Loads of Bear Hugs!!!!!!


----------



## virgil (Mar 12, 2007)

sammclouis said:
			
		

> yes actually i know them very well,i know bare bum the best




Did you realise that Mary had a little lamb,
she also had a bear, 
I always saw her little lamb
but never saw her bear!


----------



## guest (Mar 12, 2007)

***** said:
			
		

> Is that Virgil????


i hope not he he he   he's been on that naturist subject again he he he


----------



## virgil (Mar 12, 2007)

***** said:
			
		

> Is that Virgil????




You wouldn't be able to see the saddle if it was me!


----------



## guest (Mar 12, 2007)

virgil said:
			
		

> Did you realise that Mary had a little lamb,
> she also had a bear,
> I always saw her little lamb
> but never saw her bear!


ha ha ha ha ha ha ha ha ha funny


----------



## hillwalker (Mar 12, 2007)

***** said:
			
		

> Are U saying that U R a Big Bum!


 good , yin mate


----------



## virgil (Mar 12, 2007)

***** said:
			
		

> Are U saying that U R a Big Bum!



Lets just say that over the last 4 months of inactivity I have somehow gathered over 1½ stones in weight!


----------



## guest (Mar 12, 2007)

virgil said:
			
		

> Lets just say that over the last 4 months of inactivity I have somehow gathered over 1½ stones in weight!

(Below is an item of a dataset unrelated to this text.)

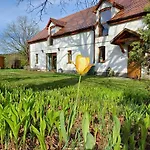 Horyzont Zdarzen - Siedlisko Ciemnego Nieba, 320m2, Sauna I Natura Na Wylacznosc Farm stay Dzierzazno Male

a bit of slap 'n' tickle will put you right,
slap the f*t & tickle the ripples ha ha ha   im amusing myself again..
sorry virgil but you looked in good shape to me on that photo


----------



## virgil (Mar 12, 2007)

sammclouis said:
			
		

> virgil you looked in good shape to me on that photo




Trouble is ...... That was taken in first week in August '06


----------



## hillwalker (Mar 12, 2007)

sammclouis said:
			
		

> a bit of slap 'n' tickle will put you right,
> slap the f*t & tickle the ripples ha ha ha   im amusing myself again..
> sorry virgil but you looked in good shape to me on that photo


 sam ur nuts. keep it up


----------



## guest (Mar 12, 2007)

*baywatch babe*



			
				virgil said:
			
		

> Trouble is ...... That was taken in first week in August '06


still....it was good to look at he he


----------



## guest (Mar 12, 2007)

*im not madonna,im madonit*



			
				hillwalker said:
			
		

> sam ur nuts. keep it up


i thought it was funny,it just come to me so i had to share it with you guys im still giggling now he he he he


----------



## hillwalker (Mar 12, 2007)

***** said:
			
		

> Trick Photography


 thats the reason, he took that long to post pict,


----------



## virgil (Mar 12, 2007)

***** said:
			
		

> Trick Photography




Must have been as SWMBO took it!


----------



## virgil (Mar 12, 2007)

hillwalker said:
			
		

> thats the reason, he took that long to post pict,



Its the only recent one we've got!


----------



## guest (Mar 12, 2007)

*just hear him out guys!!!!!!!!*



			
				virgil said:
			
		

> Its the only recent one we've got!


i really do believe him


----------



## hillwalker (Mar 12, 2007)

sammclouis said:
			
		

> i really do believe him


 so do i..


----------



## virgil (Mar 12, 2007)

virgil said:
			
		

> Its the only recent one we've got!




This was the last one I could find of me.... well nearly.


----------



## virgil (Mar 12, 2007)

And no I am not the 6th or 7th on the front row!


----------



## hillwalker (Mar 12, 2007)

virgil said:
			
		

> And no I am not the 6th or 7th on the front row!


 that' a nice beard mate


----------



## hillwalker (Mar 12, 2007)

***** said:
			
		

> I was just about to ask if that was U


 cheers


----------



## guest (Mar 12, 2007)

*What You Doing Here Graham He He He*


----------



## hillwalker (Mar 12, 2007)

sammclouis said:
			
		

>


  NEWWWWWWWWWWWWWWWWWW SHOOOOOOOOOS


----------



## virgil (Mar 12, 2007)

***** said:
			
		

> Goin to get u!
> Wondered if Virgil is the one with the wig (middle back row)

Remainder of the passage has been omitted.